■ **WHAT IS REQUIRED**
Every line below from the one with "LEGO STAR WARS 75444 Атака на AT-RT" through the one with "液態矽膠指壓板 足底按摩墊（超慢跑專用款）" is to be repeated exactly, with no picture among them.

■ **INPUT MATERIAL**

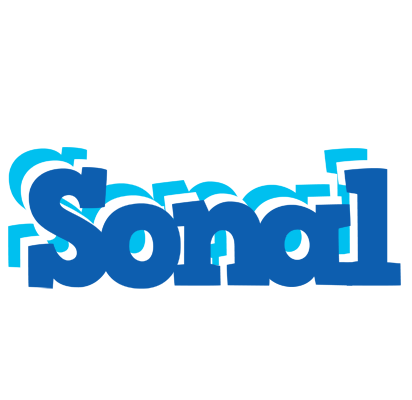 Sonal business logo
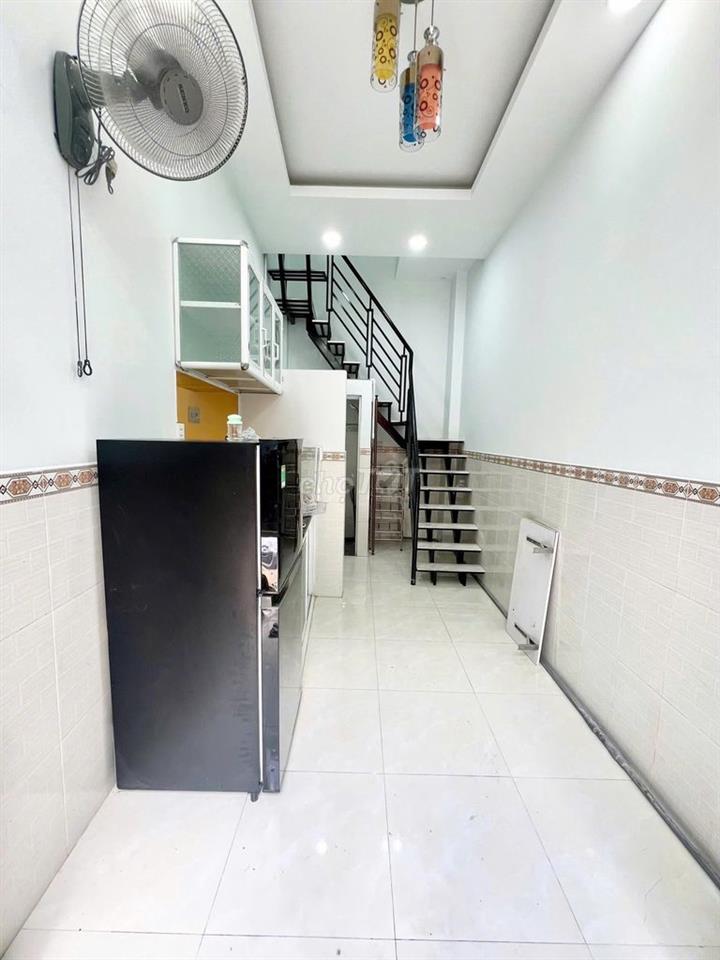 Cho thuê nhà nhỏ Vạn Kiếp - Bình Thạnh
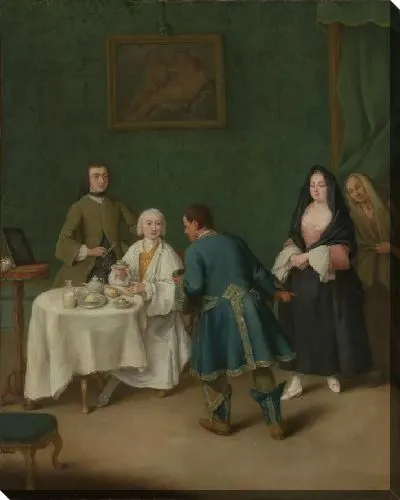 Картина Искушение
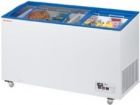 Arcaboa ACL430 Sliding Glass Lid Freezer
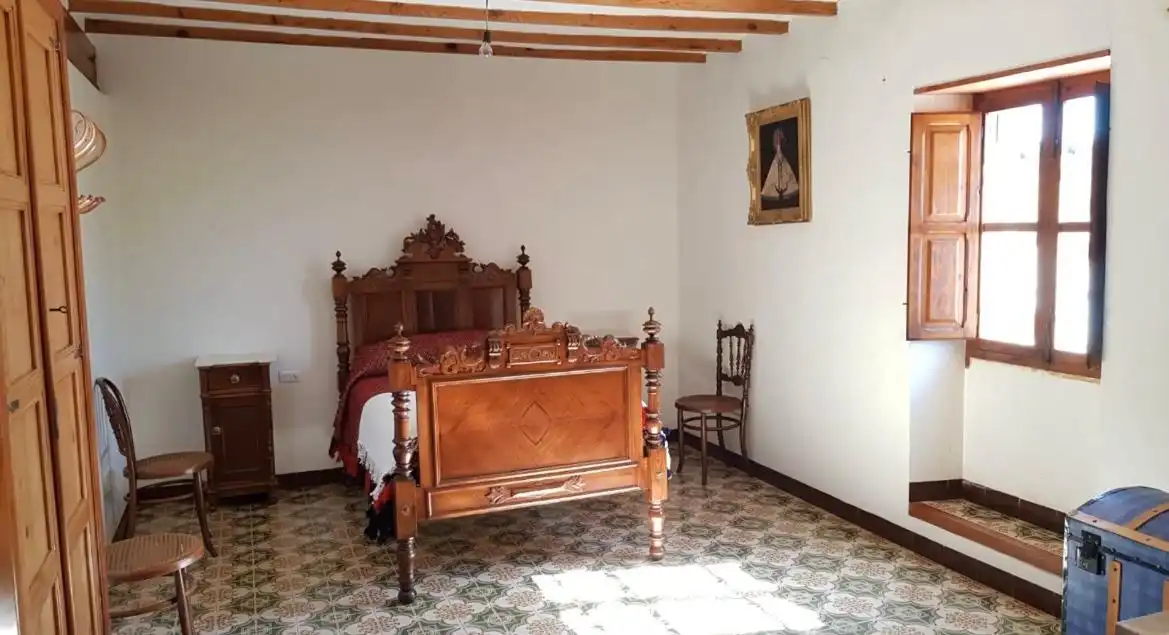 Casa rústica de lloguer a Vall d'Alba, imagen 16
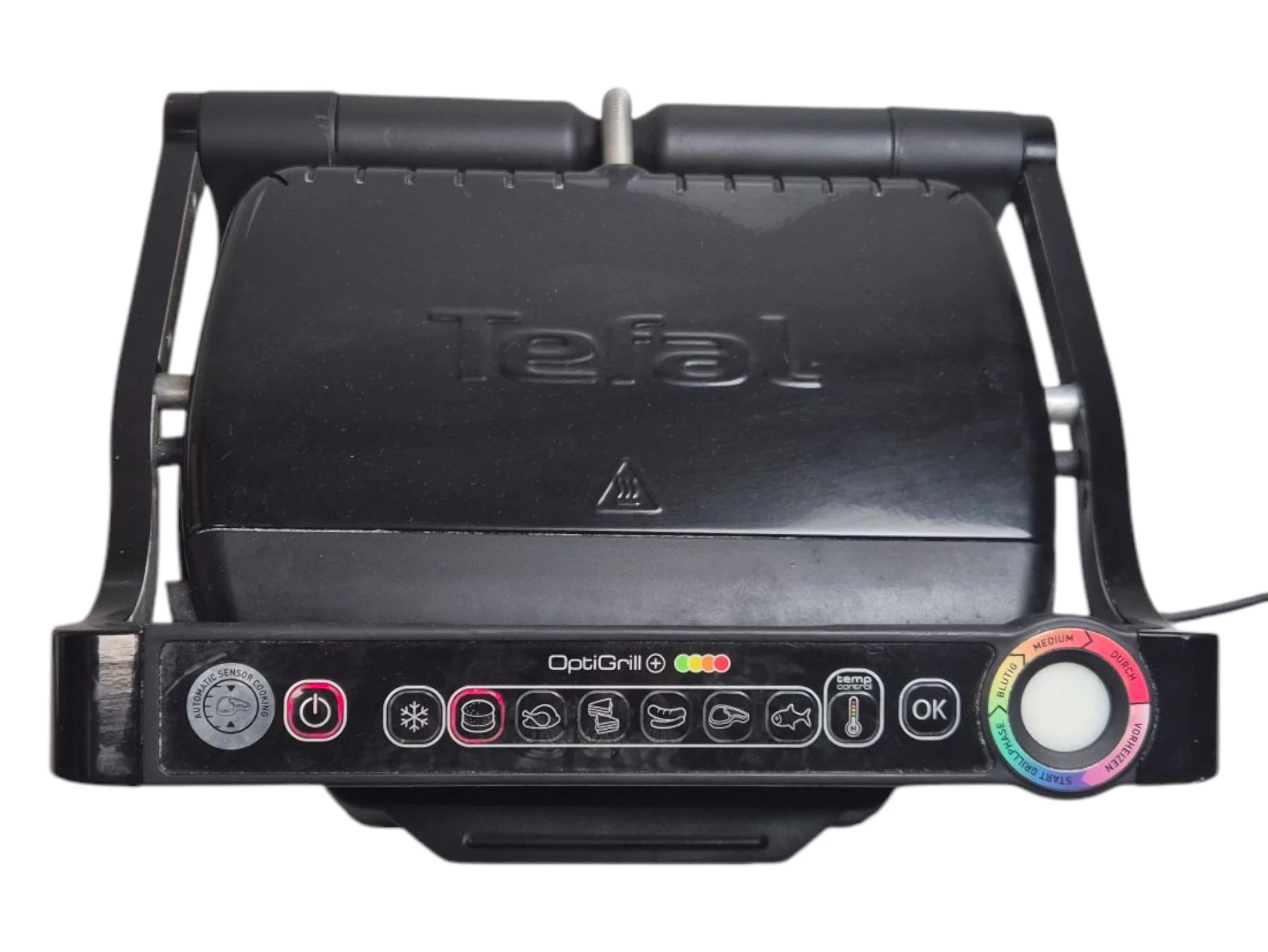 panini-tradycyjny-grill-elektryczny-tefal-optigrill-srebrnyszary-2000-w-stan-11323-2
...
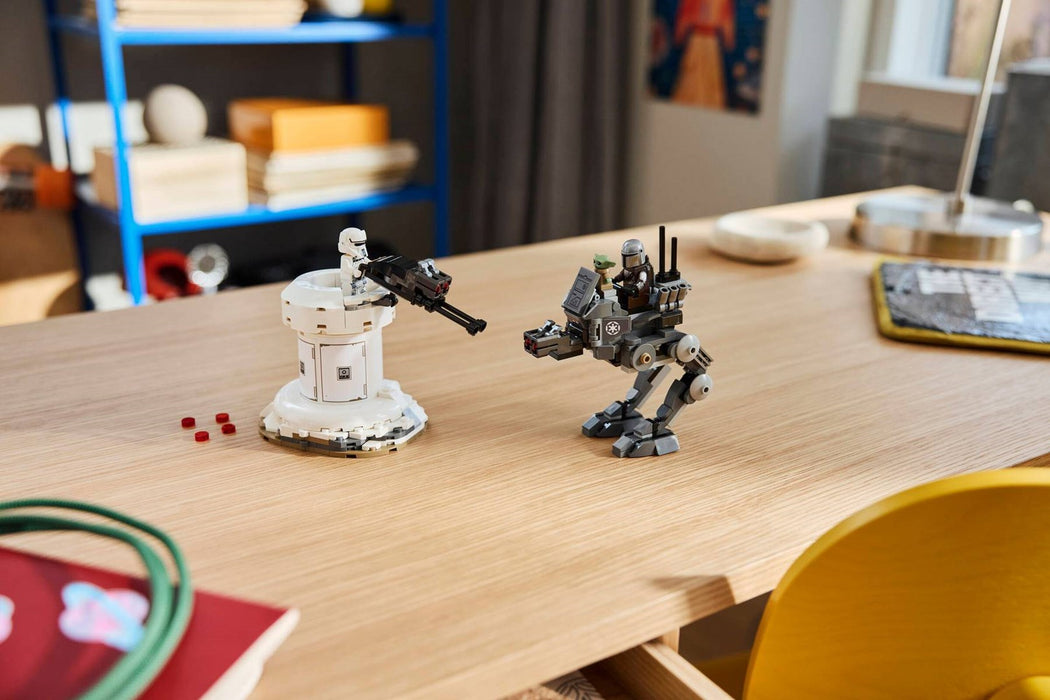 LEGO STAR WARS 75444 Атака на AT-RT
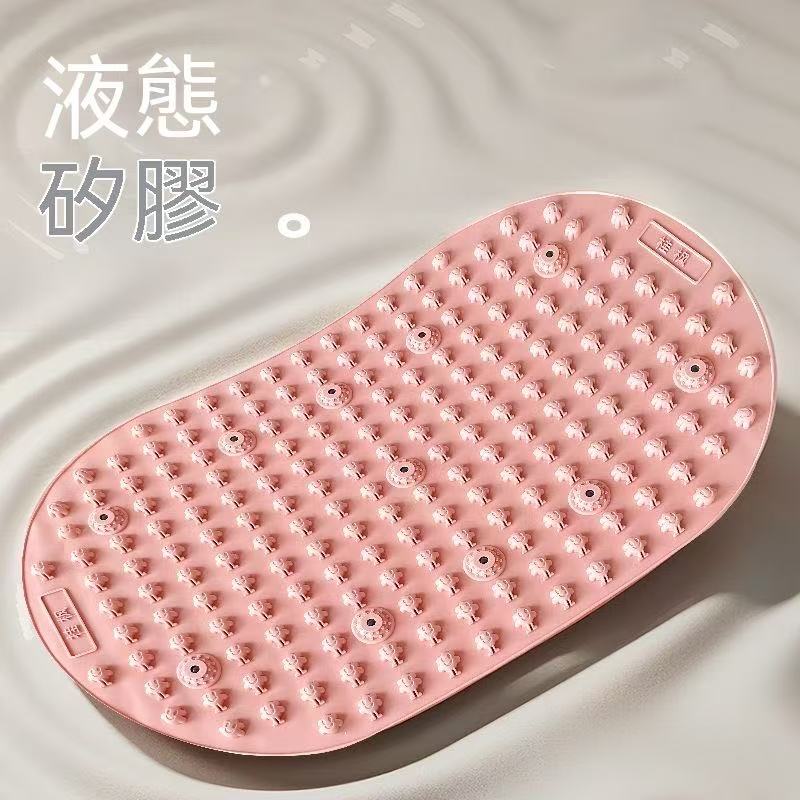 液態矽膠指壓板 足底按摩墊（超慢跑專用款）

■ **WRITTEN ANSWER**
 LEGO STAR WARS 75444 Атака на AT-RT
 液態矽膠指壓板 足底按摩墊（超慢跑專用款）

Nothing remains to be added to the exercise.